Current Institutional Affiliation
Associate Professor, History, Qatar University

Award Information

International Dissertation Research Fellowship 2006
Institutional Affiliation (at time of award):
History, Rutgers, The State University of New Jersey
Shaping Oneness in the Borderlands: State Attempts to Construct National Community in Upper Silesia, 1919-50

This project is on state-coordinated attempts to construct and deconstruct homogeneous national identity in Upper Silesia between 1939 and 1950. It will cover the politics of the whole region, but will be focused on its two centers of government and culture, the cities of Katowice (Kattowitz) and Opole (Oppeln). I will deal with how two regimes seeking to build totalitarian states, first the Nazis (1934-45) and then the Polish Worker's Party-led state (PPR), sought to "solve" the "problem" of ethnic mixture in the region through acculturation, "ethno-demographic engineering" ("ethnic cleansing"), including expulsion and in the case of the Nazis also genocide, as well as the transfer of populations from other parts of the areas they ruled.

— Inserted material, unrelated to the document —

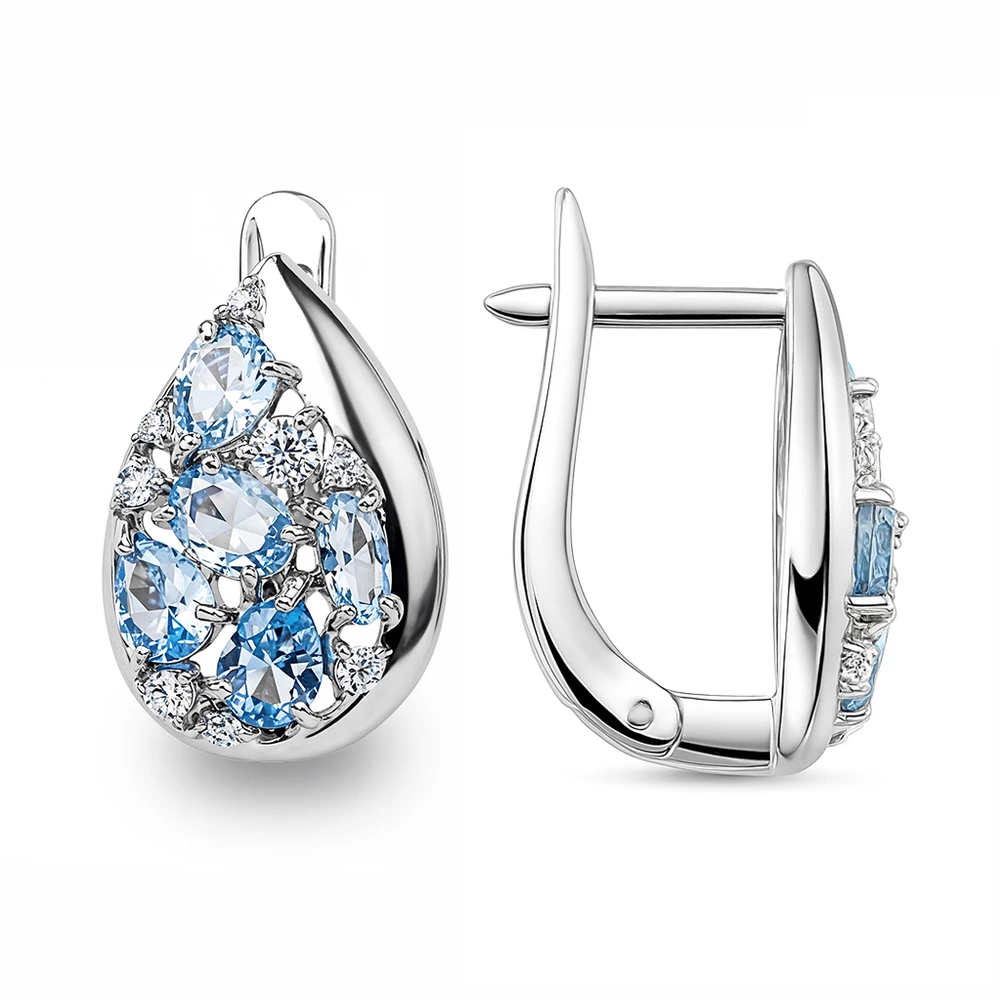 Серьги с фианитами из серебра 925 пробы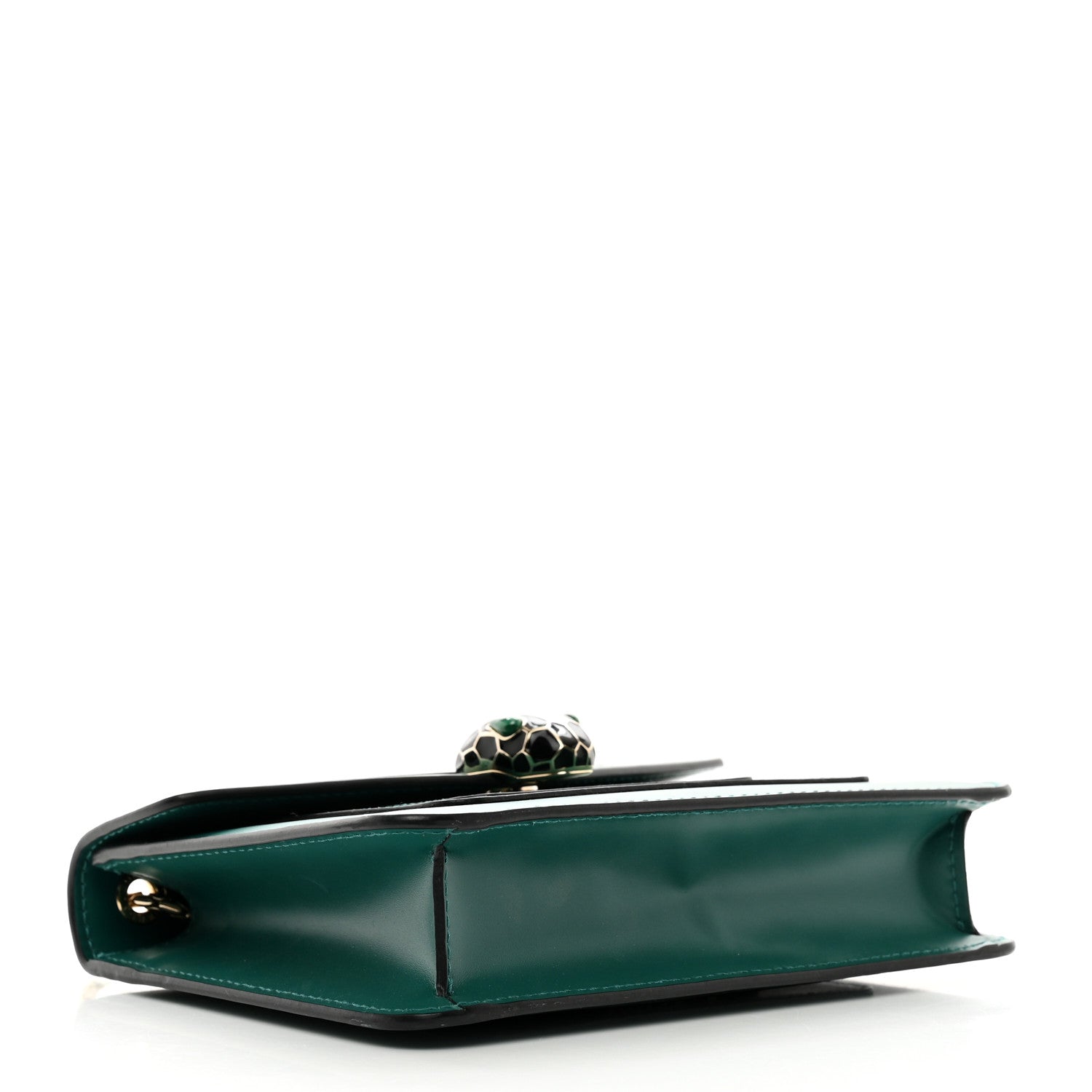 Bulgari Calfskin Small Serpenti Forever Snake Strap Crossbody Bag Emerald Green 4 of 9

My main concern here will be on how each regime sought to socialize the "new" populations into an imagined homogeneous national-community (Volksgemeinschaft in the Nazi-case, and Jednolity Front Narodowy or "homogeneous national front" in that of the PPR) of “Germans" or "Poles," that was essentially tied to its authority, power and legitimacy. Of particular interest here are the parallels between the efforts of the two, and how the policies of the postwar Polish state ran along nationalist lines. I am also interested with how the local population reacted to these policies. The project will be based on research in regional archives in Poland, as well as on newspapers, school-books, travel guides and other published primary materials. It will also draw from oral interviews. During my stay in Poland I will be affiliated with the University of Silesia (Katowice) and also with the Silesian Institute (Opole). The study will make an important contribution to rapidly growing interdisciplinary studies on the phenomenon of grandiose state-coordinated experiments to re-shape individual consciousness and identity, as well as to reconstruct and re-conceptualize territorial space, during the 20th century.